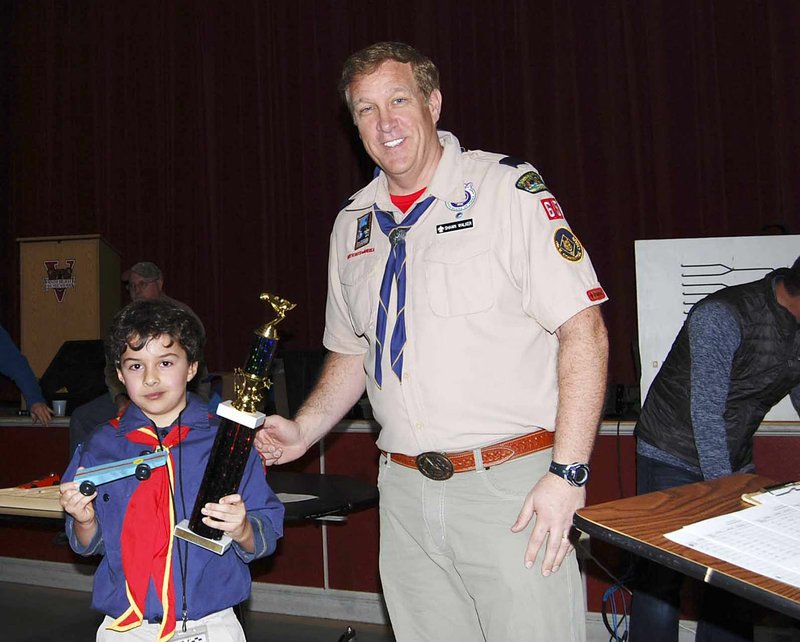 Courtesy photo Shawn Walker, leader of Cub Scout Pack 65, awards the grand champion tropy to Cub Scout Nat Dafashy for the pack's Pinewood Derby on Jan. 22 at Vandergriff Elementary School in Fayetteville.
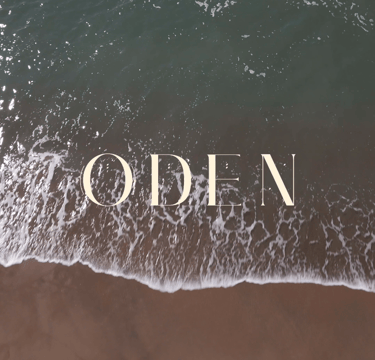 a beach picture with sand and sea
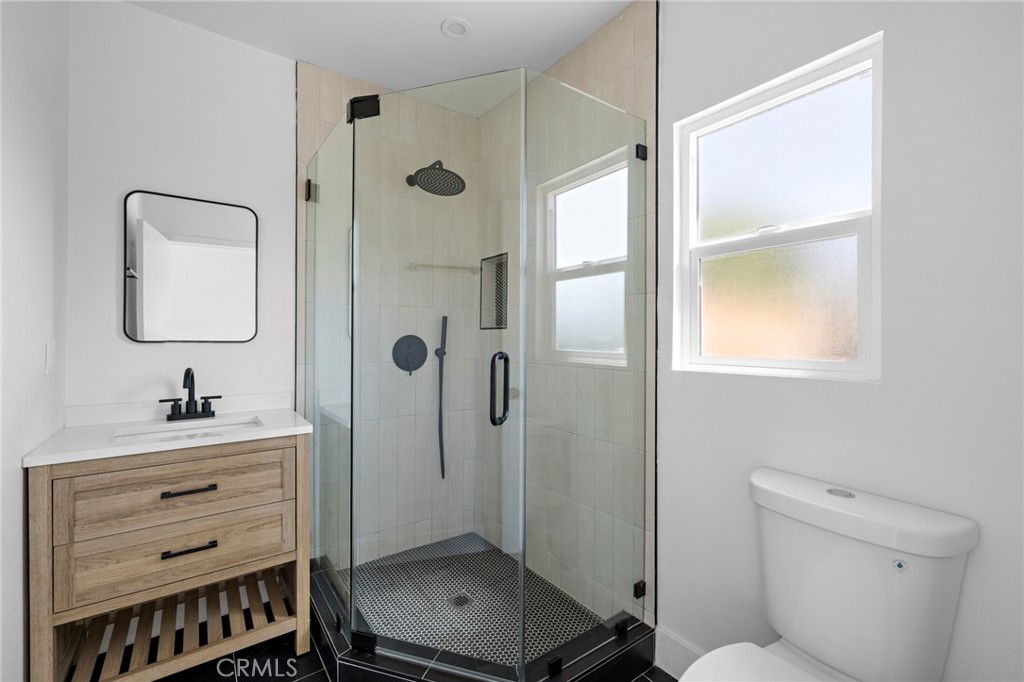 720 East Foothill Boulevard Glendora, CA 91741 - Photo 36 of 37 a bathroom with a sink toilet and shower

WHAT TO PRODUCE ▸ From the line containing "a beach picture with sand and sea" down to the final line of the material above, reproduce each line exactly and include no images.

RESPONSE AREA ▸
 a beach picture with sand and sea
 720 East Foothill Boulevard Glendora, CA 91741 - Photo 36 of 37 a bathroom with a sink toilet and shower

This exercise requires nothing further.